The Birth Of Asiawood
It is 6 a.m. on a scorching March day in the hills of central Thailand, but the cast of "Jan Dara" is already hard at work. Forty sweltering extras, dressed in 1930s costumes, are pretending to have a good time at a wedding reception in a grand French-style villa amid the towering trees of Kao Yai National Park. Between takes, Thailand's most acclaimed film director, 39-year-old Nonzee Nimibutr, chain-smokes Marlboro Lights while he studies storyboards mapping out the erotic period drama. As Nonzee visualizes the next shoot, the director of photography and several assist-ants yank their only camera from a cherry picker and position it for a close-up. Amid the hum of cicadas, the film's star, Chinese-Vietnamese actress Christy Chung, rehearses her lines in a language she barely speaks. "Her intonation isn't exactly Thai," says Nonzee. "But her lip movement is good enough to sound-sync later."
"Jan Dara" is breaking new cinematic ground: it is the first Thai-Hong Kong co-production ever made. As producer Peter Ho-Sun Chan from Hong Kong's Applause Pictures sees it, the venture can't miss. For less than it costs to make a commercial in the United States, Chan has hired an award-winning director, a Hollywood-quality crew and Chung, a well-known Hong Kong actress. His goal is to make a film that is marketable from Bangkok to Tokyo--and beyond. All over Asia, directors, producers and actors are buying into this dream. The reason: lower costs and wider play. At least four Pan-Asian movies are currently in production in Hong Kong alone, including "2046," Wong Kar-wai's vision of Hong Kong 50 years after the handover from Britain, which will feature Thai, Korean, Japanese and Chinese stars and will be shot in Hong Kong, Thailand and South Korea. Coming soon is "Musa" (The Warrior), a Korean-Chinese coproduction shot in China and featuring Chinese star Zhang Ziyi and Korean hunk Jung Woo Sung. And that's just the start. "Three years ago there weren't any [Pan-Asian films]," says Catherine Park, director of sales and acquisition for Korea's CJ Entertainment, which is collaborating on "Musa." "Now everybody is doing them."

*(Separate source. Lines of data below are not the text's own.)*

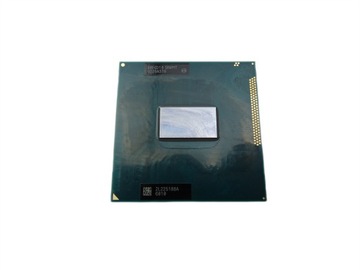Процессор INTEL i7-3520M 2.8 GHz SR0MT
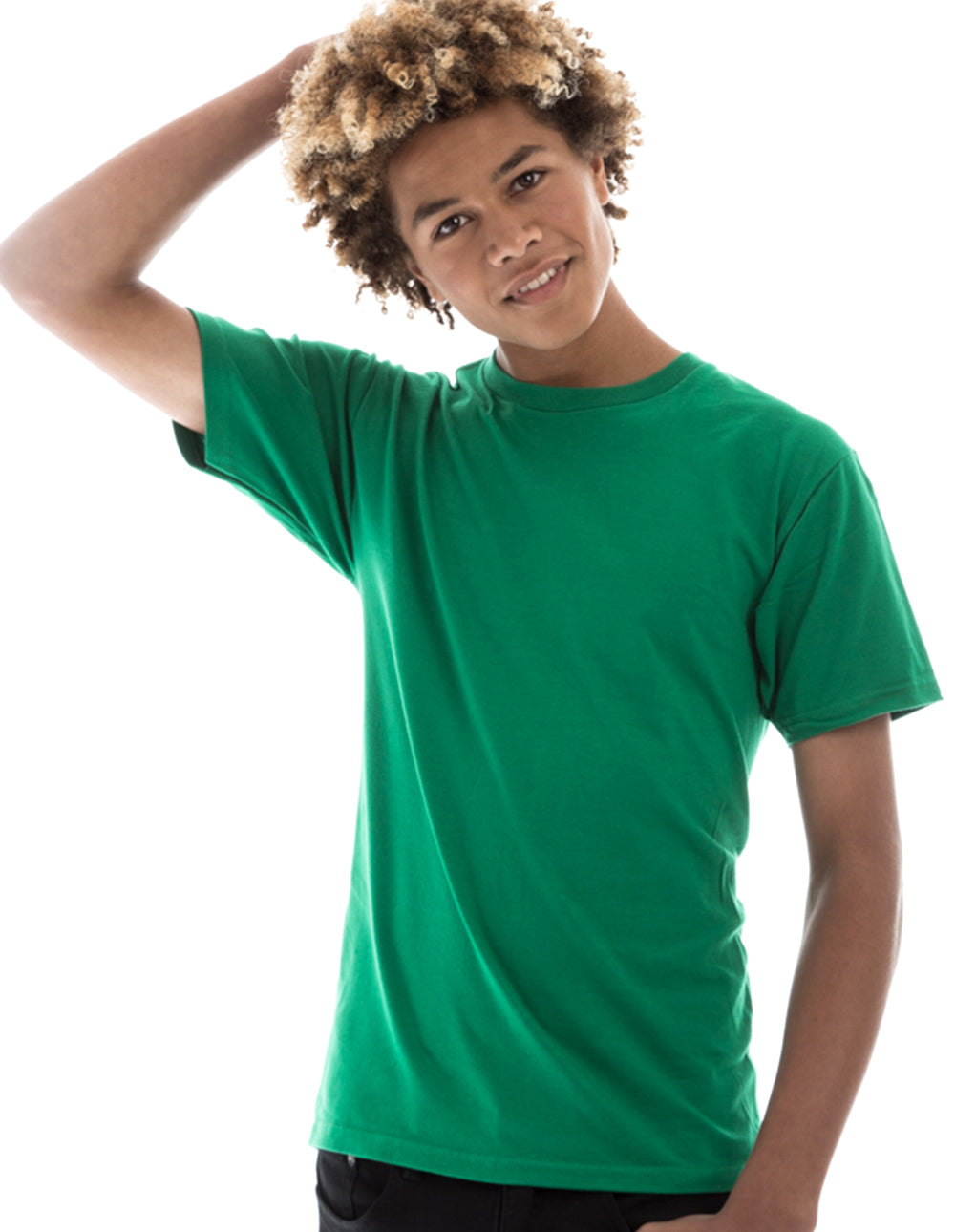 Shop the Retro Ring-Spun Crew Neck T-Shirt 2100 for premium ring-spun softness, a classic fit, and effortless retro appeal. Upgrade your staples with the Retro Ring-Spun Crew Neck T-Shirt 2100, combining durable comfort, a retro look, and easy versatility. Buy the Retro Ring-Spun Crew Neck T-Shirt 2100, a soft, vintage-inspired essential designed for everyday comfort and timeless style.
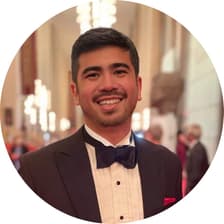 Profile picture for Patrick Kahn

These films reflect the new willingness of Asians to look beyond their own borders for everything from jobs to food and entertainment. "Chinese or Japanese or Korean, nobody cares," says Hong Kong director Fruit Chan. "Young people just want to watch good movies." A Japanese film of bizarre suspense, "Tales of the Unusual," recently reached No. 3 on Hong Kong box-office charts. "Il Mare," a Korean love story, hit the ninth spot in Singapore. Last month two Japanese films, "Shikoku" and "Fancy Dance," broke the top 10 in South Korea. Films like "Jan Dara" merely take the trend one step farther, making the ventures cross-cultural from the outset.
The advantages are clear. Coproductions can bomb in one place, sell out in another and still be in the black. "If you acquire just local distribution rights you are taking all the risks for a film's release," says Yoshito Hayashi, overseas manager for Tokyo's Suncent CinemaWorks. "But if you are an investor, you can diversify the risk." For directors, foreign stars can attract au-diences and financing from abroad. And talent can be found cheaply in places like Malaysia, China and Thailand; on the set of "Jan Dara," the director of photography charges $5,000 for two months' work, 15 times less than the going rate in Hong Kong. Postproduction work can now be done for less in state-of-the-art facilities outside Hong Kong or Tokyo; in Malaysia, the government is planning to develop a 10,000-acre "entertainment" village with sound stages and production facilities.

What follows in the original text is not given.